I am comedian Kai Humphries. Each autumn I tour throughout the UK with my fellow stand-up and flatmate Daniel Sloss. This year we also roll out the tour to Europe for the first time, visiting 18 major cities over 21 dates. To amuse myself whilst we travel between cities (and whilst Daniel snores) I am keeping a journal of our adventures in the style of a scientific journal where my study subject is Daniel and my role as his support act is merely a disguise to cover up my true objective which is to psycho-analyse his behaviour.
Date: 15 November 2014
Subject: Daniel Sloss
We've arrived too early to check in to the hotel and have sat down for lunch, I ordered orange juice while Daniel ordered Lemonade, the waiter arrived with my freshly squeezed refreshing beverage and served Daniel with a tepid glass of dirty dish water, Daniel looks nonplussed.

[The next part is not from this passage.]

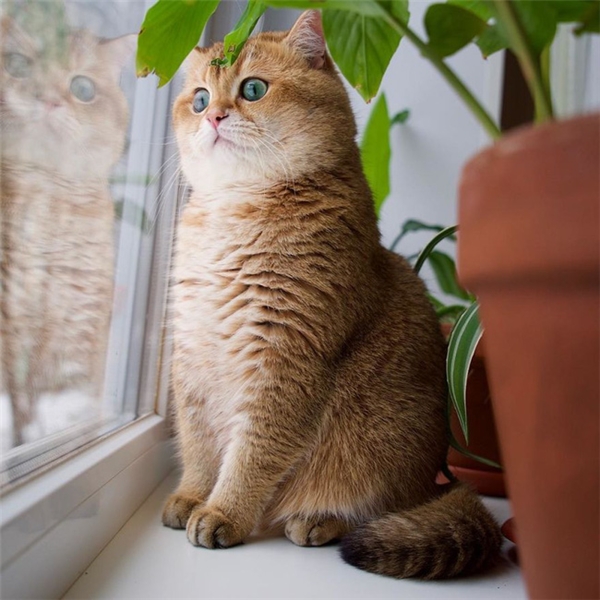 Nhìn mình chả thấy đường cong quyến rũ đâu cả.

I ordered the Tuna steak and Daniel ordered Turkey with dumplings, when the waiter arrived he served me with a delicious cutlet of grilled tuna fish, then presented my companion with a waterlogged plate of soggy dough that looked akin to something you'd expect to be shoved through the small hatch in the door of a Bolivian prison cell. Daniel looks broken.
Daniel has gone to bed.
I have ventured out alone into the heart of Zagreb, I have decided not to stray too far away from the hotel as my abilities regarding navigation are little to be admired, my aptitude in this capacity is so remarkably low, that I believe if the other regions of my brain that dealt with motor skills, logic, communication and such, operated at the same defective level, I'd be being fed, bathed and put to bed every day by a team of care workers.

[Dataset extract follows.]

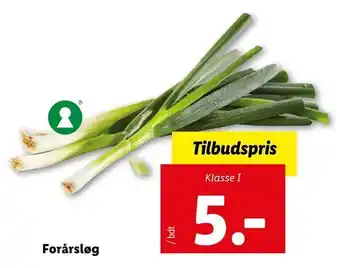 Forårsløg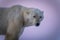 Close-up of polar bear turning towards camera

I've taken a pew on a park bench where I have a clear view of the hotel, I like to sit and let a city's atmosphere wash over me, smell the air, listen to the buzz of social animation, watch the people flow, the eccentric young professionals cantering with ambition, the zealous pensioners walking their zimmers, absorbing the culture as it cultivates. My subject likes to enjoy all a city has to yield by finding an internet connection to stream a succession of 18 second motion pictures which have went into rapid circulation, of people flamboyantly failing to succeed at their perilous endeavours. I watched an elderly chap clunking his metal frame on the footpath in front of him and surmised Daniel would only like to be here if the gentleman was guaranteed to lose his footing and tumble undignified onto the gravel in a clatter. He'd probably record it on his mobile phone and post it to an online forum so someone like minded sitting in a different beautiful city could enjoy being in that city from the comfort of hotel room WiFi too.
I've been reflecting about my weeks of work and have not yet come to a conclusion as to what Daniel wants from the world. Judging by his constant dissatisfaction with service from workers who he deems duty bound to improve his day, you'd assume he'd like everyone he interacts with to be just like him. Which is why I was astonished to find out he didn't like being in France. Extinguishing my theory that being surrounded by clones of himself would be his idea of utopia.
Having done my final sound check of the tour, I relax back stage to the harmonic lure of a symphony orchestra rehearsing auspiciously in the adjacent room, it is actually quite unnerving being subject to real talent moments before you go out to perform a spoken showcase of humour.
There is a sweet taste of melancholy in the air after our final show, although performance has been my auxiliary goal to observing Daniel's behaviour, it has had an addictive quality that leaves me yearning for longevity in this project so I could indulge in more of its more-ish byproduct. The last hit of this drug they call show business just so happened to be the most potent, a rapturous sell out crowd on a Saturday night in Zagreb courses through our veins in one final rush...
And so it goes the study has reached completion, I will compile a conclusive report of my data and the evidence it presents in a later entry. But for the present I am packing my apparatus and releasing my subject back into the wild, confident in the knowledge we have learnt more about the habits and behavioural patterns of a young international touring comedian. I have endured some serious health ramifications by alighting my social activity with the pace of the project that I must retreat to rehabilitate in the tranquility of my home... Wait a second... I live with the bastard!
Before I close this file I consider it is best practice, for continuity, if we have a drink with some Croatians in Zagreb first. In the interest of science.